Proposing a possible Gigatron remake using a P2

PurpleGirl · 2022-09-03 16:24

I may or may not build this, so please keep this in mind. I'm proposing this here in the effort of seeing if it is worthwhile for me to get a P2 board for this and to document my ideas. I could probably do just as much on my A7 board.

Now, I'd want to go beyond the original Gigatron in that multiple cogs would allow for better peripheral options. Others have cloned the Gigatron itself on a P2 and have 99% compatibility. I am more after improved performance over the original Gigatron, and for a long time, I proposed converting the vCPU software core in the Gigatron mode that it written in Gigatron native code into its own core, whether on an FPGA, using discrete parts, or on the P2.
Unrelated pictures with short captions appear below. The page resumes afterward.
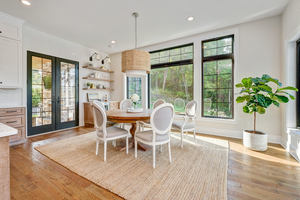 Alland Armoire de cuisine modulaire en <span class=keywords><strong>bois</strong></span> massif laqué bicolore avec tirette Organisateur Comptoir en verre/résine pour salle à manger - Product Image 4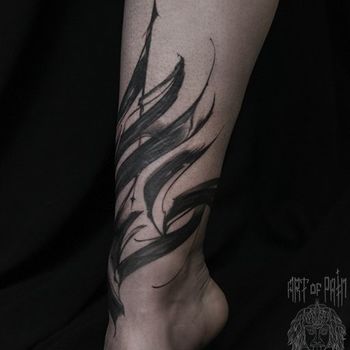 Татуировка женская каллиграфия на ноге абстрактный орнамент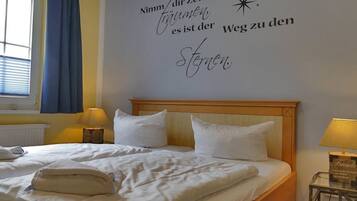 2 bedrooms, travel crib, WiFi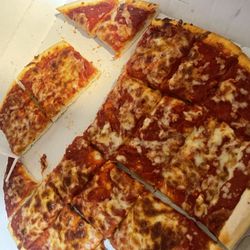 Sal's Pizza Company - Come on man it's not that hard to make pizza unbelievable!!!!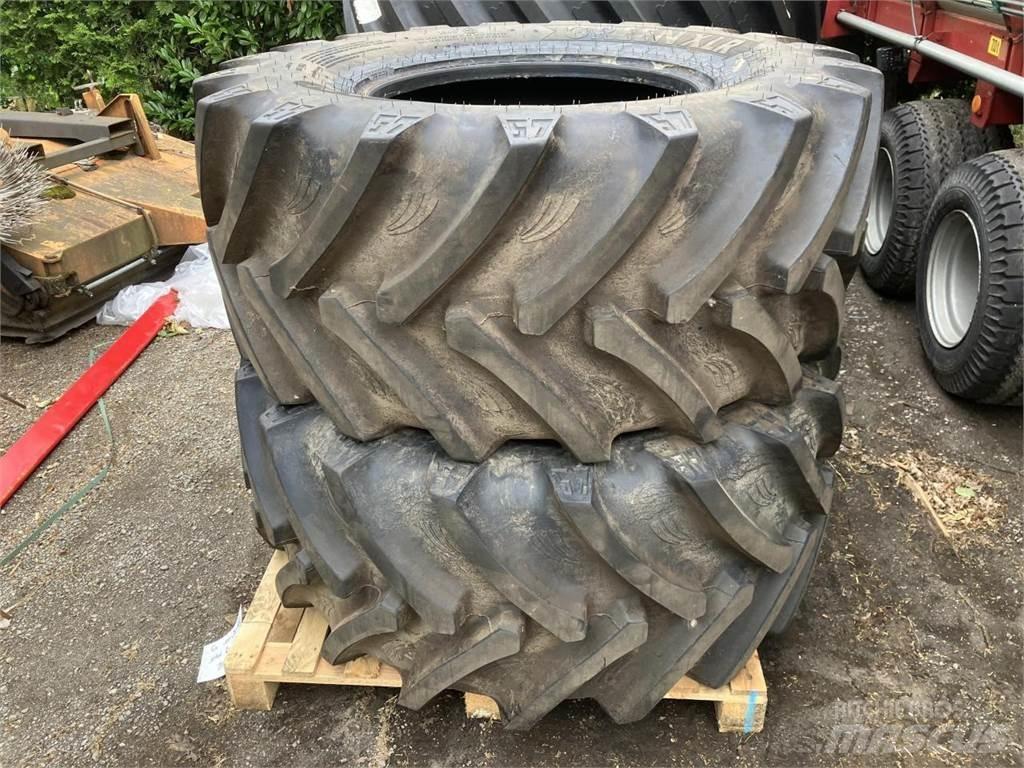 BKT 600/65R28 Rehvid, rattad ja veljed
The challenge here is that the vCPU is not a complete system in and of itself. Other things would need to be added. For the Gigatron, the native ROM sets up the memory map, creates the video display, manages I/O, and more. So I'd probably want a supervisor or setup cog to do the setup and use other cogs to handle standard I/O and storage I/O. Since everything is in separate cogs, there would need to be ways to sync the different processes. Sure, everything can communicate through hub RAM, so there would be no hardware races, but for a design that is split into different sections, there should be mechanisms such as pausing the vCPU core when desired for compatibility and performance-gating reasons (such as making the original games run.

As for things like file I/O which is weak on the original, such a design can improve upon this. There would be no reason to modulate the V-sync or use the address lines to speak to outside devices. There would be no need for a shift register in the critical path of the I/O. Most of the add-on cards could be replaced with P2 versions and implemented more appropriately for a P2.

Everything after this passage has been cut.